**Work to complete:** Retype the listing found below exactly, but leave out each picture.

*** Opening of Supplied data ***

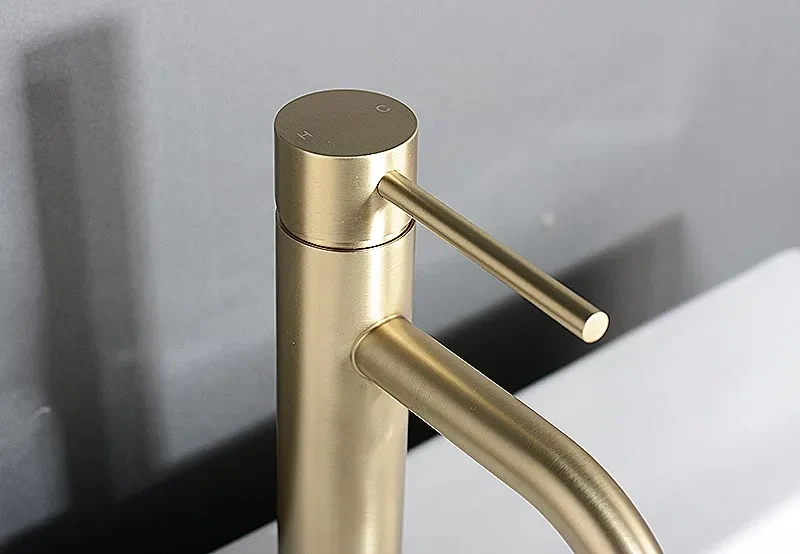 ROSEVÉRA Brushed Gold – Design Waschtischarmatur aus Edelstahl (Einloch, Einhebel)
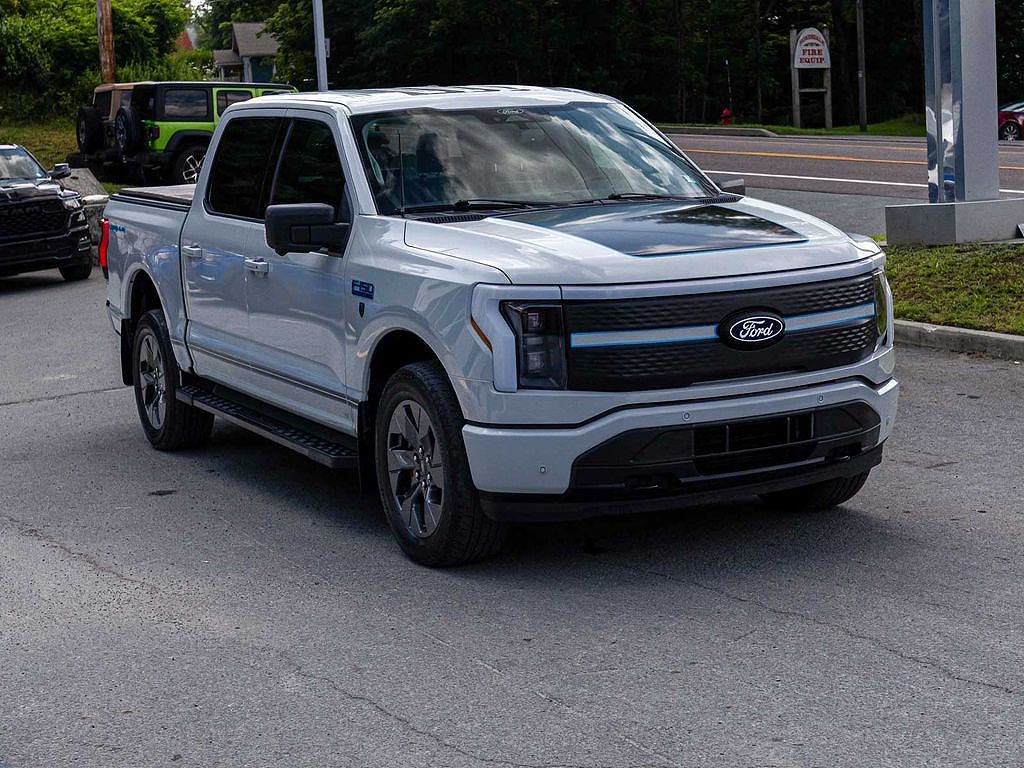 2024 Ford F-150 Lightning Flash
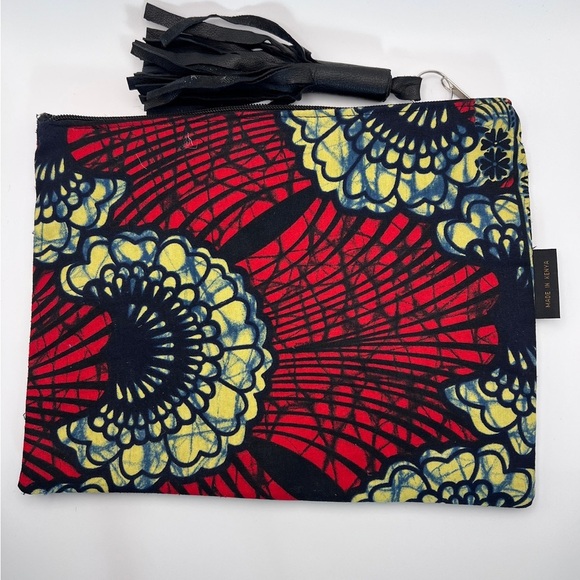 Zoe Sevak Small Pouch - Picture 8 of 10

*** Close of Supplied data ***

**Result of this task:**
 ROSEVÉRA Brushed Gold – Design Waschtischarmatur aus Edelstahl (Einloch, Einhebel)
 2024 Ford F-150 Lightning Flash
 Zoe Sevak Small Pouch - Picture 8 of 10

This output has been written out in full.